So it makes logical sense to keep steelmaking local but move iron reduction to places where it can be done at scale and at lower cost. 

[MB]: I’d characterize it a bit differently. Multiple technologies for new steel are emerging. DRI with hydrogen is not TRL9. DRI with biomethane is TRL9—it’s already being done today. If you have large sources of waste biomass producing anthropogenic biomethane, you can put that into biodigesters, generate green methane, and feed it into the DRI system.

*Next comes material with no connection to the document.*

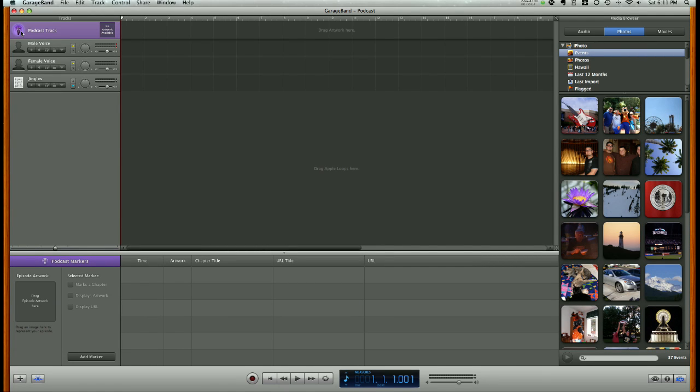All right, our first step in making a podcast will be to add a vocal track of some sort.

One thing I found is that the direct reduction process is exothermic, so much of the process heat comes from the chemical reaction itself. You only need to add about 20 to 25% of the heat. With hydrogen, though, you have to provide all of the heat for the DRI, which makes hydrogen DRI even less economically viable. 

[PM]: It’s actually an area where I’m consulting with people on high-temperature industrial heating done electrically. In the conventional process using synthesis gas made from methane, the carbon monoxide–iron oxide reactions are exothermic and balance the hydrogen–iron oxide reactions, which are endothermic. The result is a process that’s almost thermally neutral.

If you switch to pure hydrogen, you have to add a lot of electric heating. And this isn’t heating at a couple of hundred degrees Celsius—it’s heating at around 900 degrees Celsius. That’s not easy. It’s possible, but very challenging. 

[MB]: The champagne of hydrogen for the heat. 

[PM]: The DRI guys aren’t even thinking about that. If you’re doing pure hydrogen DRI, you’re doing electric heating—that’s a certainty. 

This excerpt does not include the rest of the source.